A vision. A vision of a barn. A vision of a barn of such majesty that they did weep again. And so, gripped by the awe in which they were bound they did build such a barn in which to store THEIR blessed fruit.

It was a glorious contruction. Proud beams were planted square in Kettering's rightous soil and sturdy walls stood fast against the winds. It was good. And they did fill their barn with Kumquats and they did gather to worship it's granduer - thrice weekly - after Emerdale.

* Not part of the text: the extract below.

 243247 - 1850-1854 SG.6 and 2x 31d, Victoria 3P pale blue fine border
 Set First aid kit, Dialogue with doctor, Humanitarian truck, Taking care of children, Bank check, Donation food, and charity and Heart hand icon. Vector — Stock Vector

Such a happy place was Kettering.

Alas, no sooner had the winter frosts dusted thier barn with it's silver magic, than did come the Raiders from East Grimstead who covetted the barn and it's fruity contents. Not content with stealth and theft (for the Raiders were a warring people and knew not of agriculture) they did raize the barn and the sweet fruit therein to the ground. And they did break down Kettering's picket fences, and scribble on the bus shelters, and empty everyone's wheely-bins in the street before they left.

When our proud fathers arose, there was much wailing and gnashing of teeth and our proud fathers' daughters were sent out into East Grimstead to make war and to break all their toys.

Hear this, brave Knights: Who's watching your barn?


A Parable

Post 20

Irving Washington - Gone Writing

Oooooo! It makes me so mad I think I'll wail and gnash my teeth! oooOOOOOOoooooOOOOoooOOOOO! aaaAAAAaaaaaAAAAAAaaaiiiiIIIIiiiiIIIiiiii! Gnash!